Verschillende omstandigheden kunnen het zinvol maken terug te komen op leefstijl: 

  • Life-events waarbij een gezonde leefstijl belangrijk is (bijvoorbeeld bij kinderwens/zwangerschap) of een gezonde leefstijl bedreigd wordt (overbelasting of ernstige ziekte bij familie of in de omgeving). 
  • Verergering van een leefstijl-gerelateerde ziekte of noodzaak tot intensivering van de behandeling. 
  • Als een ingezette behandeling niet het gewenste effect heeft. 

In deze situaties kan een ingang voor leefstijlverandering ontstaan die eerder niet aanwezig leek. Ook kan een gesprek over leefstijl nieuwe aanknopingspunten opleveren.

Leefstijlbegeleiding: soms binnen de huisartspraktijk, soms niet

Basisaanbod

De rol van de huisarts in de aanpak van de leefstijlfactor is afhankelijk van het probleem. De NHG-standaarden beschrijven het basisaanbod ten aanzien van leefstijl. Voor de meeste aandoeningen geldt dat alleen signaleren, bespreken en kort motiveren als basisaanbod gezien mag worden, tenzij expliciet anders beschreven in de NHG-standaard. Stoppen-met-rokenzorg is een voorbeeld waarbij de rol van de huisarts niet ophoudt na kort motiveren.

Extra aanbod

De huisarts kan de inschatting maken dat een leefstijlfactor in belangrijke mate bijdraagt aan een klacht, ziekte of aandoening, zonder dat deze leefstijlfactor benoemd wordt in een NHG-standaard.
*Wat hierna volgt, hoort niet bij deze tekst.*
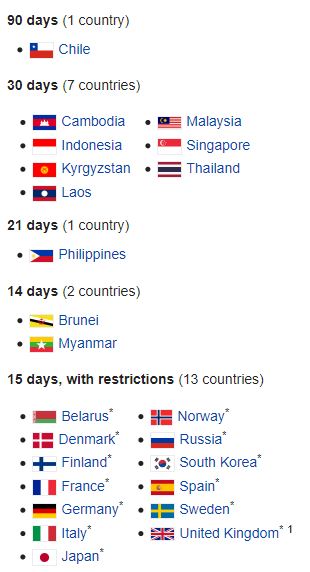 Vietnam Visa Exempt Countries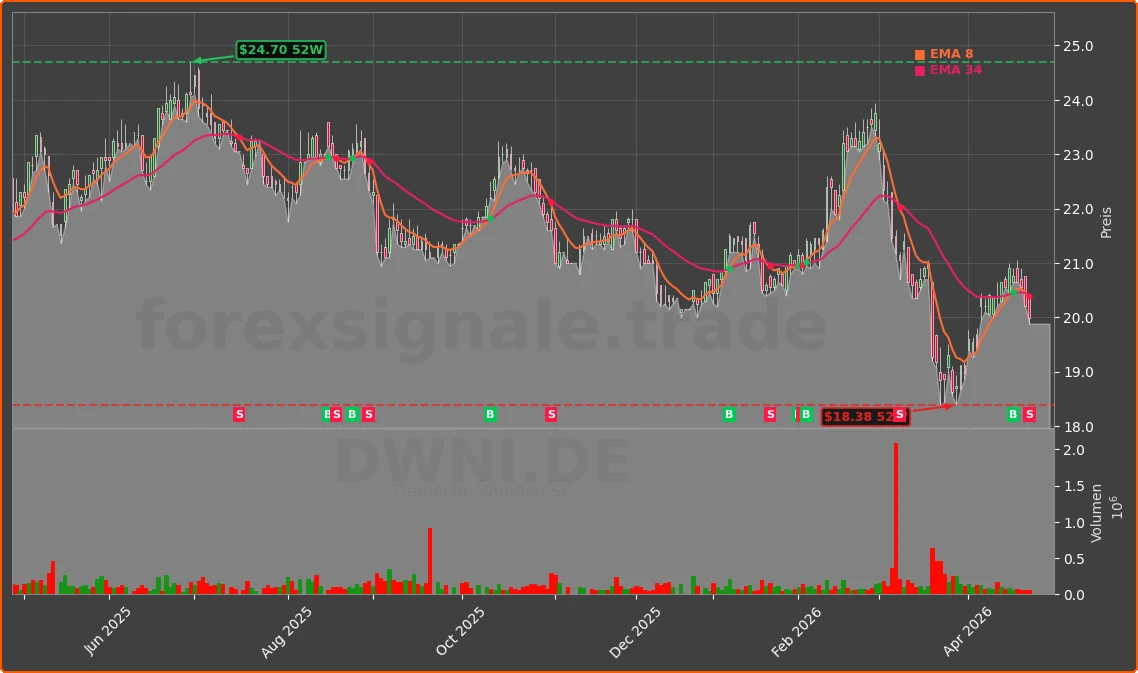 DWNI.DE Chart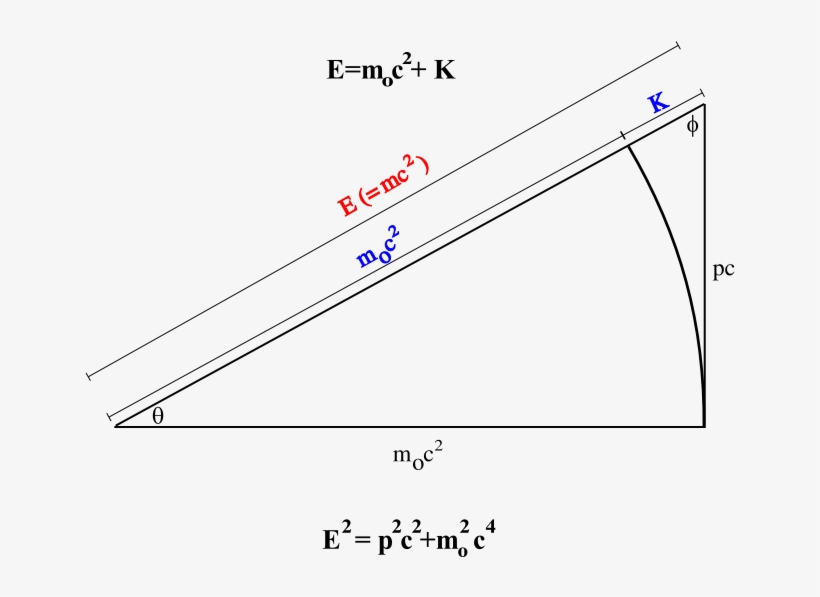 Relativistic Dynamics, transparent png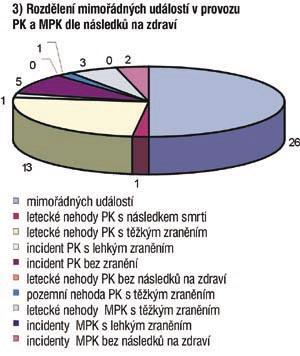 Poznámka: Vysoký počet leteckých nehod PK, kde došlo ke zranění má několik příčin: většina letů (svahování, točení termiky), startů (průseky), přistání (v blízkosti překážek) probíhá v blízkosti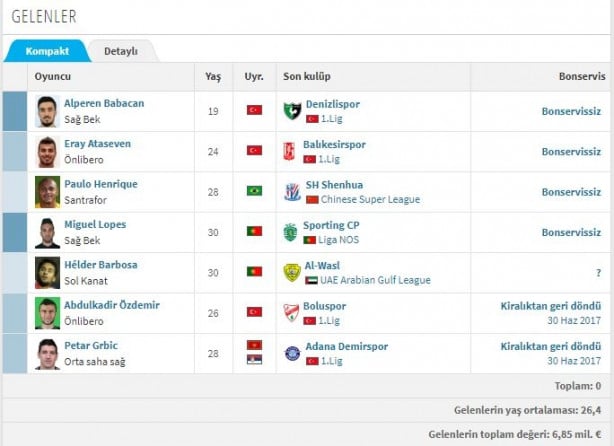 Foto - İşte Süper Lig'de biten tüm transferler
Het signaleren en bespreken hiervan valt dan onder aanvullend aanbod.

Een korte leefstijlinterventie is geen basistaak van de huisarts. Dit valt onder aanvullend aanbod wanneer huisarts of praktijkondersteuner dit aanbieden.

Geen onderdeel van huisartsenzorg

Andere interventies rondom leefstijl en geïndiceerde of zorggerelateerde preventie zijn geen onderdeel van de huisartsenzorg. Hiervoor wordt verwezen naar betreffende paramedici zoals oefentherapeut of diëtist. Ook populatiegerichte (=collectieve) preventie is geen taak van de huisarts.

De sociale kaart in beeld

Binnen de praktijk is het belangrijk goede afspraken te maken wie welke taak op zich neemt met betrekking tot leefstijladvisering en dat hierin ook dezelfde taal wordt gesproken. Het normaliseren van leefstijladvisering onder de verschillende zorgverleners maakt het ook voor de patiënt uiteindelijk vanzelfsprekend dat het onderwerp wordt aangekaart. Vaak adresseert de huisarts de mogelijkheid tot leefstijlverbetering en neemt de praktijkondersteuner of een paramedicus het vervolg op zich.  

Het helpt daarbij om zicht te hebben op de verwijsmogelijkheden binnen het medische en ook het sociale domein. In diverse gemeenten is verwijzen naar het sociale domein mogelijk. Ook zijn in veel gemeenten buurtsportcoaches en gezondheidsmakelaars aanwezig om de patiënt te helpen bij het vinden van een passende activiteit.